Based on official American and Japanese histories, personal memoirs, and the author's exclusive interviews with many of the story's key participants, The Castaway's War is a rousing story of naval combat, bravery, and determination.
July 25: Collapse of Facist Italy
From the author Graham Greene called "one of our best writers, not of any particular decade but of our century," comes a masterpiece about a war-ravaged city under occupation
As a young intelligence officer stationed in Naples following its liberation from Nazi forces, Norman Lewis recorded the lives of a proud and vibrant people forced to survive on prostitution, thievery, and a desperate belief in miracles and cures. The most popular of Lewis's twenty-seven books, Naples '44 is a landmark poetic study of the agony of wartime occupation and its ability to bring out the worst, and often the best, in human nature.

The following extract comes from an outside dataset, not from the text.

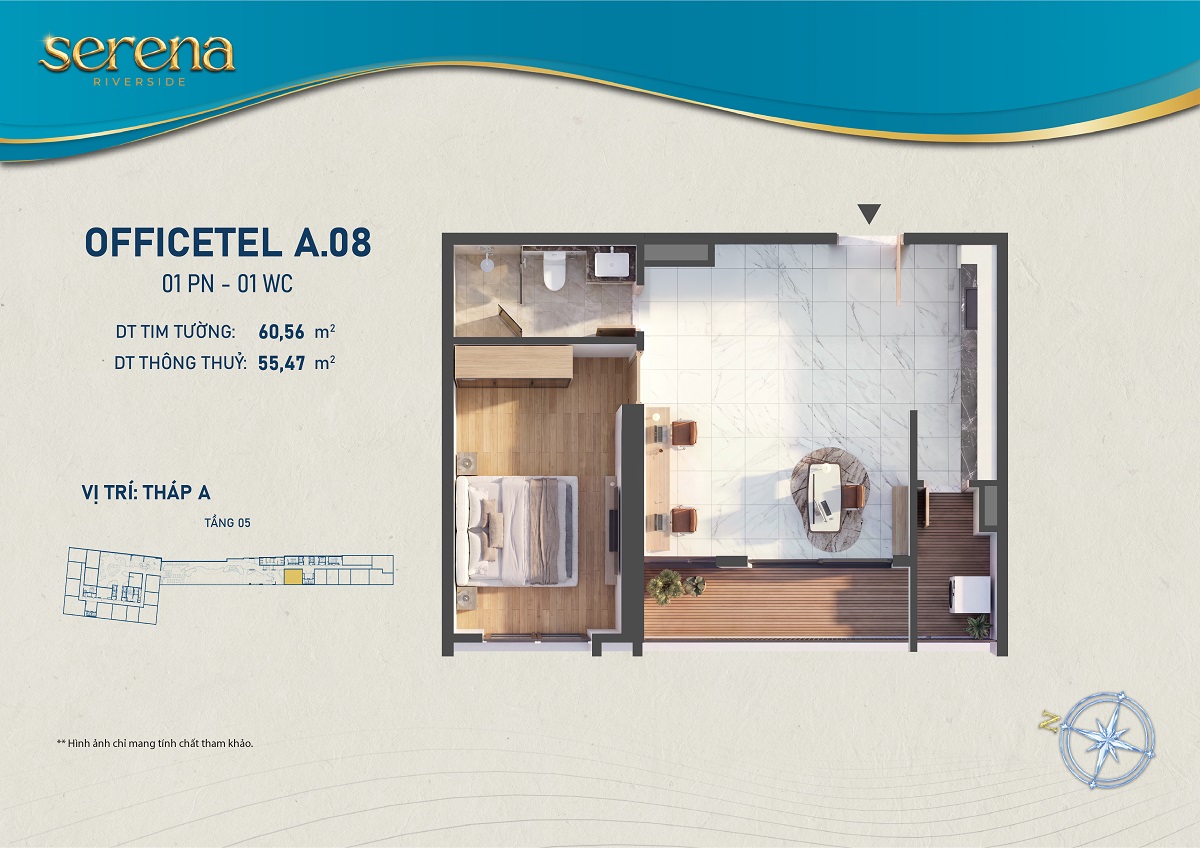 Thiết kế chi tiết Căn hộ A-05-08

In prose both heartrending and comic, Lewis describes an era of disillusionment, escapism, and hysteria in which the Allied occupiers mete out justice unfairly and fail to provide basic necessities to the populace while Neapolitan citizens accuse each other of being Nazi spies, women offer their bodies to the same Allied soldiers whose supplies they steal for sale on the black market, and angry young men organize militias to oppose "temporary" foreign rule. Yet over the chaotic din, Lewis sings intimately of the essential dignity of the Neapolitan people, whose traditions of civility, courage, and generosity of spirit shine through daily. This essential World War II book is as timely a read as ever.
December 3 – December 9: Battle for Monte La Difensa
In December of 1943, as Nazi forces sprawled around the world and the future of civilization hung in the balance, a group of highly trained U.S. and Canadian soldiers from humble backgrounds was asked to do the impossible: capture a crucial Nazi stronghold perched atop stunningly steep cliffs. The men were a rough-and-ready group, assembled from towns nested in North America's most unforgiving terrain, where many of them had struggled through the Great Depression relying on canny survival skills and the fearlessness of youth.
Brought together by the promise to take part in the military's most elite missions, they formed a unique brotherhood tested first by the crucible of state-of-the-art training-including skiing, rock climbing, and parachuting-and then tragically by the vicious fighting they would face. The early battle in the Italian theatre for the strategic fort cost the heroic U.S.-Canadian commando unit-their first special forces unit ever assembled-enormous casualties.
Yet the victory put them in position to continue their drive into Italy, setting the stage for the Allies' resurgence toward victory in WWII. The unit, with its vast range of capabilities and mission-specific exercises, became a model for the "Green Berets" and other special forces groups that would go on to accomplish America's most challenging undertakings behind enemy lines.